On Monday and Tuesday this week I’m attending DevSecCon in Boston – a city which is much more pleasant when it’s not raining or snowing, which it often seems to be doing while I’m here. There are a bunch of interesting talks[1] and workshops, and I was asked, at the last minute, to facilitate an “Open Space Discussion” at the end of the first day (as two people hadn’t arrived as expected). Facilitating discussions is about not talking all the time, but encouraging other people to talk[2]: my approach to this is to tell a story, and then encourage them to share stories.
People enjoy listening to stories, and people enjoy telling stories, and there is a type of story that is particularly useful and important in the world of work: “war-stories”. Within the IT industry, at least, this refers to stories about experiences – usually bad experiences – from our day-to-day working lives.

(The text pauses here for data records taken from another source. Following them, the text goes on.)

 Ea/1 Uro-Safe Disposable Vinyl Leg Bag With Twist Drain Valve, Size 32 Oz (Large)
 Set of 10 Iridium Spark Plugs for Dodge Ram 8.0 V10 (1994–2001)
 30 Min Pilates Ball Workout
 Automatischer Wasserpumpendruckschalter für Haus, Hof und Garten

They are often used to illustrate a point or lend experiential weight to an opinion being put forward. But they are also great learning experiences.

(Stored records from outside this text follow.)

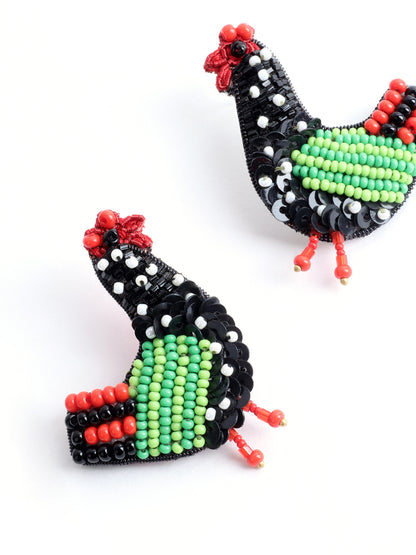 Hen Earrings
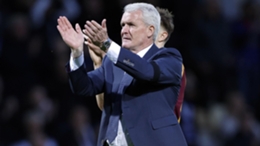 Mark Hughes hailed the atmosphere created during Bradford’s win over Carlisle (Richard Sellers/PA)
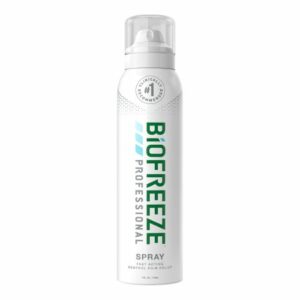 BIOFREEZE, SPR 360DEG 4OZ (12/BX 6BX/CS)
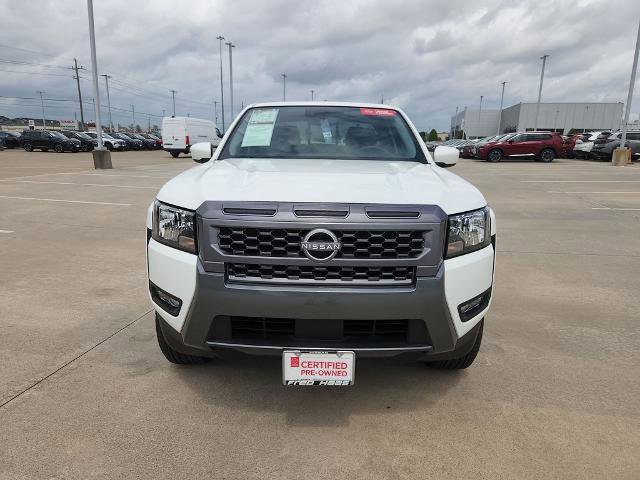 Certified 2025 Nissan Frontier SV w/ SV Convenience Package RWD image 9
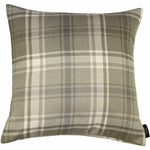 Load image into Gallery viewer, McAlister Textiles Angus Beige Cream Tartan Cushion Cushions and Covers Cover Only 43cm x 43cm 
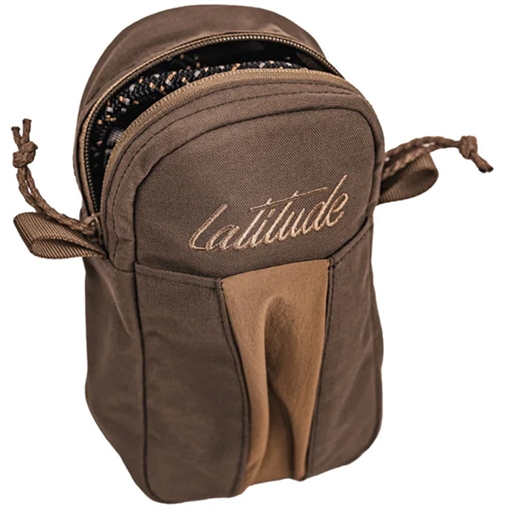 Picture of Latitude Outdoors Latitude Ranger Molle Pouch Vertical Ranger Green AX-RMP-V-GRN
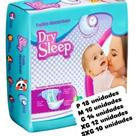 Fralda Descartável Infantil Dry Sleep Hiper M16 - 80 Unidades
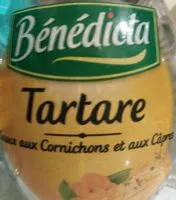 Mängden socker i Tartare sauce aux cornichons et aux câpres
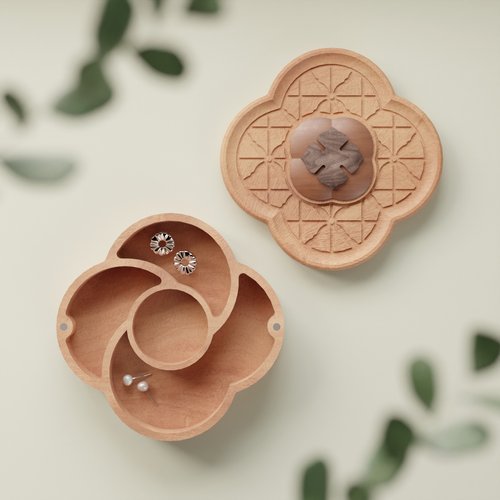 獨木設計 UniWoodesign 柿窗 - 擴香飾品收納盒 / 國產材實木製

What I learned yesterday – or re-learned – is the immense value of conversation with our peers in a neutral setting, with no formal bounds or difference in “rank”. We had at least one participant who was only two years out of college, participants with 25-30 years of experience, a CISO of a major healthcare provider, a CEO, DevOps engineers, customer-facing people, security people, non-security people, people with Humanities[4] degrees, people with Computer Science degrees. We were about twelve people, and everybody contributed, to greater or lesser degrees. I hope that we managed to maintain a conversation where age and numbers of years in the industry were unimportant, but the experiences shared were.
And I learned about other people’s opinions, their viewpoints, their experiences, their tips for what works – and doesn’t work – and made, I hope, some new friends. Certainly some new peers. What we talked about isn’t vitally important to this article[5]: the important thing was the conversation, and the stories they told that brought their shared wisdom to the table. I felt, by the end of the session, that we had added something to the commonwealth of knowledge within the industry
I was looking for a way to close the session as we were moving to the end, and hit upon something which seemed to work: I encouraged everybody to spend 30 seconds or so to tell the group about an incident in their career that they are proud of. We got some great stories, and not only did we learn from them, but I think it’s really important that we get the chance to express our pride in the things that we’ve done. We rarely get the chance to boast, or to let people outside our general circle know why we think we should be valued. There’s nothing wrong with being proud of the things we’ve done, but we’re often – usually – discouraged from doing so. It was great to have people share their various experiences of personal expertise, and to think about how they would use them to further their career. I didn’t force everybody to speak – and was thanked by one of the silent participants later – and it’s important to realise that not everybody will be happy doing so. But I think that the rapport that we’d built as a group meant that more people were happy to contribute something than would have considered it at the beginning of the session. I left with a respect for all of the participants, and a realisation of the importance of shared experience.
1 – I gave a talk based on my blog article Why I love technical debt. I found it interesting…
2 – based on this definition, it may surprise regular readers – and people who know me IRL[3] – that I’d even consider participating, let alone facilitating.
3 – does anybody use this term anymore?
4 – Liberal Arts/Social Sciences.
5 – but included:
- the impact of different open source licences
- how legal teams engage with open source questions
- how to encourage more conversation between technical and legal folks
- the importance of systems engineering
- how to talk to customers and vendors
- how to build teams through social participation[6]
- the NIST 800 series and other models to consider security
- risk: how to talk about it, measure it, discuss it with other functions within the organisation.
6 – the word “beer” came up. From somebody else, on this occasion.